→ **DIRECTIONS**
What is the number of lines in the data that contain "Camry"? Respond with nothing else.

→ **RECORDS PROVIDED**
============================================================

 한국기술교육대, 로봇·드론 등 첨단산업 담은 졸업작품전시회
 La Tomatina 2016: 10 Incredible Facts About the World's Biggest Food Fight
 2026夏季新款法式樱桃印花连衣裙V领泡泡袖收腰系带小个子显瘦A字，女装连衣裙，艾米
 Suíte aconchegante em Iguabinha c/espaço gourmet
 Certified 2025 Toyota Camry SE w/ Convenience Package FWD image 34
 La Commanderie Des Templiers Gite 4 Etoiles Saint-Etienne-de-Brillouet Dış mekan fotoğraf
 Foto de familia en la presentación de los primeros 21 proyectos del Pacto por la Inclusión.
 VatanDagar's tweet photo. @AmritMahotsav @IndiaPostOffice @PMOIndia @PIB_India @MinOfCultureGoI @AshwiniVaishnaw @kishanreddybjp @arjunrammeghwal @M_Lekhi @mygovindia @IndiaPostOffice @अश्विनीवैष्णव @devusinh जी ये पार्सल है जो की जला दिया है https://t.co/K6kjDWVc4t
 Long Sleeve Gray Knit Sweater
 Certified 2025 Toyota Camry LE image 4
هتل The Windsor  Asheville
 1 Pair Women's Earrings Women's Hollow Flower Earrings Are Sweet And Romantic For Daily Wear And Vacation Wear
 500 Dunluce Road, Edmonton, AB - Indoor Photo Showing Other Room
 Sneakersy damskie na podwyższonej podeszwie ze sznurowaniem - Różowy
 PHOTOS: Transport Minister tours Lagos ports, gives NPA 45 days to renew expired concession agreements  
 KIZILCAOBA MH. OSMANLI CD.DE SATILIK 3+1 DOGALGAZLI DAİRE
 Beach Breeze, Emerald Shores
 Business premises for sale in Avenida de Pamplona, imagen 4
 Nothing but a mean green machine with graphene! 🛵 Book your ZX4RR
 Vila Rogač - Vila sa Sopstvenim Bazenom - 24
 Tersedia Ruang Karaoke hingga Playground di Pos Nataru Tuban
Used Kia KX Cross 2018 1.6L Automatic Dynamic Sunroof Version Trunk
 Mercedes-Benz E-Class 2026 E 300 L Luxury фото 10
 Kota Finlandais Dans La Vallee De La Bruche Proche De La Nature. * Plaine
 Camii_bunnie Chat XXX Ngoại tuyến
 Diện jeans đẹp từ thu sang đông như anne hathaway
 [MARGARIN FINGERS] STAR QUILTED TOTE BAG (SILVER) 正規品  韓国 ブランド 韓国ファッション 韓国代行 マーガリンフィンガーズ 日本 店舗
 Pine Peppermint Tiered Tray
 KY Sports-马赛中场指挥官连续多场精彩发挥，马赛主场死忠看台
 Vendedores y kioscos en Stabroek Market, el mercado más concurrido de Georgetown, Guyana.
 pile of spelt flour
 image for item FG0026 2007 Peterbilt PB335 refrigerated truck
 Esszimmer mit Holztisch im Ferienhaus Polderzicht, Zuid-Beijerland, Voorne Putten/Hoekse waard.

============================================================

→ **WRITTEN RESPONSE**
2